Hybrid Tri-Modality NIRF-OCT-IVUS Imaging
In 2017, Li et al. [39] designed a tri-modal catheter using IVUS, OCT, and NIRF technologies. The tri-modal catheter diameter of the probe is 1.0 mm (3.9 Fr), small enough to fit in 5 Fr guide, but likely too large for routine clinical use in its present form. The system is able to obtain all three IVUS, OCT, and NIRF imaging simultaneously. The group conducted phantom and ex vivo experiments using pig and rabbit arteries. This integrated tri-modal system has a great potential to identify vulnerable plaques through NIRF molecular imaging and provide the joint advantages of OCT and IVUS in a single system.
Applications of NIRF Molecular Imaging to Detect High-Risk Plaques
NIRF Molecular Imaging of Inflammatory Protease Activity
Inflammatory proteases, secreted by macrophages or activated smooth muscle cells, promote atheroma progression and plaque rupture. Two widely studied classes of proteases are cathepsins and matrix metalloproteinases (MMP). Cysteine cathepsins are a group of proteases that are mainly found in lysosomes. There are 11 human cysteine cathepsins (B, C, F, H, K, L, O, S, V, X, and W) that vary in their distribution and specific function [40]. In atherosclerosis, the elastolytic and collagenolytic activity of cysteine cathepsins especially S, K, B, L, and F have been linked to extracellular matrix degradation and hence, both positive and negative remodeling. It was shown that early human atherosclerotic lesions expressed cathepsins K and S [41], and deficiency in cathepsins K and S in a mouse model reduced atherosclerosis [42, 43]. ProSense/VM110 is one of the most widely investigated NIRF protease-activatable imaging agents in animal models. At baseline, ProSense/VM110 is optically silent. Once ProSense/VM110 circulates and localizes to the tissue of interest (in this case, plaques with cathepsin proteases), it is cleaved by cathepsins yielding highly fluorescent fragments [44]. ProSense activatable fluorophores are available in two forms: ProSense 680, activated by Cathepsin B, L, and S with emitted light of 700 nm, and ProSense 750/VM110, activated by Cathepsins B, L, S, K, V, and D with emitted light of 780 nm [44]. Another potential protease target for NIRF imaging is the class of metalloproteases (MMPs), which are linked to unstable/vulnerable atherosclerotic plaques [45].

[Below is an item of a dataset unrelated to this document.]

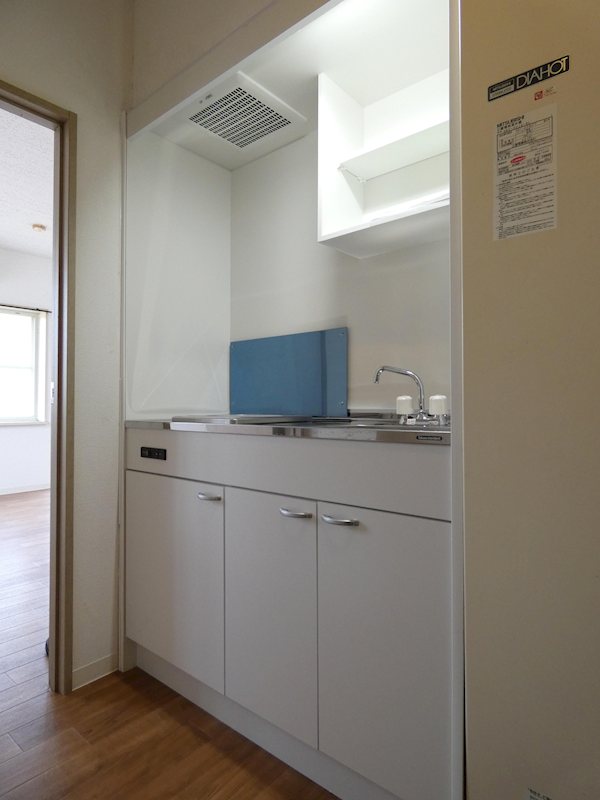 キッチン　※同タイプ、別部屋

Intravascular NIRF imaging has been able to detect plaque protease activity in a number of scenarios. An initial series of studies demonstrated the ability to image plaque inflammation at high resolution in vivo, using new NIRF catheter systems [18•, 31, 32••]. Thereafter, Calfon Press et al. [46•] demonstrated that everolimus-eluting stents, the most prevalent type of DES, can suppress plaque inflammation in vivo and reduce plaque macrophages, strengthening the potential of DES to serve as local therapy for vulnerable plaque. In a more recent application using serial NIRF-OCT and IVUS imaging, Osborn et al. [47] have demonstrated preliminarily that in rabbit atheroma, the presence of plaque inflammation independently predicts plaque progression. These preclinical studies on plaque inflammation using NIRF imaging will provide a framework for clinical studies once a NIRF catheter is approved by the FDA.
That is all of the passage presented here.